The Sound of Light on Water: Jon Hopkins’ favorite music

The Sound of Light on Water: Jon Hopkins’ favorite music


The first time I heard it, Bon Iver (aka Justin Vernon) invited me to a festival he used to put on in Eau Claire. He introduced the entire album from start to finish – no one had ever heard it before. I remember feeling so connected to the first track and a few of the others. The more complex tracks were pretty hard to grasp on first listens, and I find it takes me a while to really grasp a record that complex. When I was listening to some of the sounds, I was like, “What is this and where is this coming from?” It wasn’t until it came out and I processed it more that I started to understand how each track influenced the one around it – it was a kind of ecosystem.

That was a gigantic Record for me. I’m a sucker for long-form music and this record fits together so beautifully, like a tapestry. I could never imagine these two songs, for example, as separate pieces of music. “8 (circle)” is actually one of the most accessible pieces on the record – it’s a beautiful, straightforward Americana-style Bon Iver song, but “Moonwater” is an extraordinary, bizarre, quite disturbing, very beautiful patchwork thing and for me, combining the two is again about this concept of earning your right to relax after the tension, just like Stravinsky.

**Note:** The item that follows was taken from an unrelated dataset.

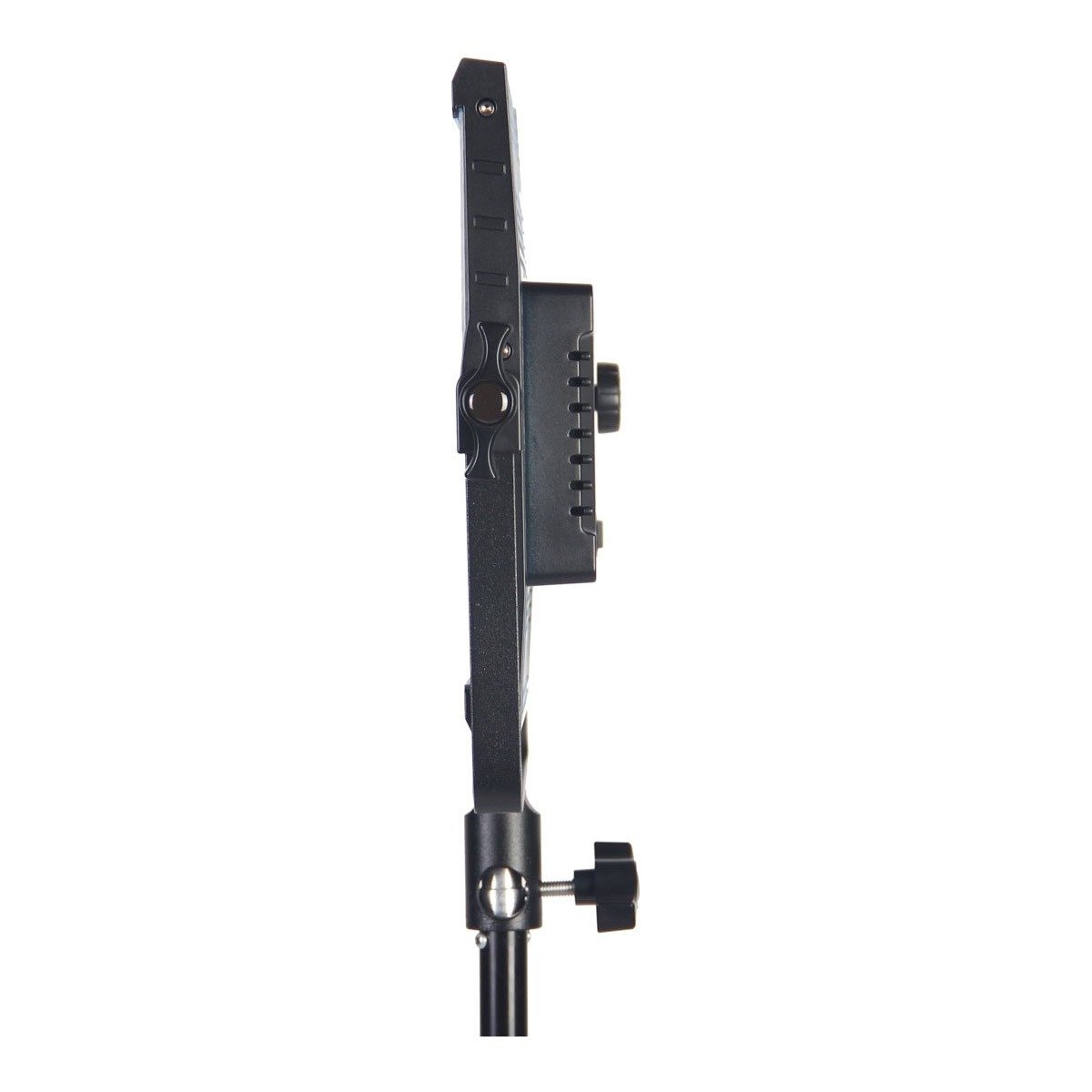 Dracast X Series LED500 Daylight LED Video Light Panel with Dual NP-F Battery Plate - view 8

There’s also this increasingly crazy saxophone solo that actually starts to go out of tune, so that when the first beautiful 1980s Juno synth pad kicks in at the beginning of “8 (circle)”, you think, “Oh, thank God! What was that chaos I was listening to?!” But then it starts very movingly with his vocoder singing and some simple lyrics about the road ahead and the road behind us. There’s also this feeling like he’s communicating something in some mysterious way, but you don’t know what it is. I’ve never spoken to him about the meaning behind the lyrics, but I feel like something very powerful and complex is being communicated, and then when the second song starts, something very simple and deep. Maybe it’s this shift from the cosmic to the heart. I think that has a pretty big influence on what I do.

There are still musicians who produce albums in a certain order, and I will always be one of them. I think it’s so important to honor the original album format, and these two songs are an example of the importance of that order.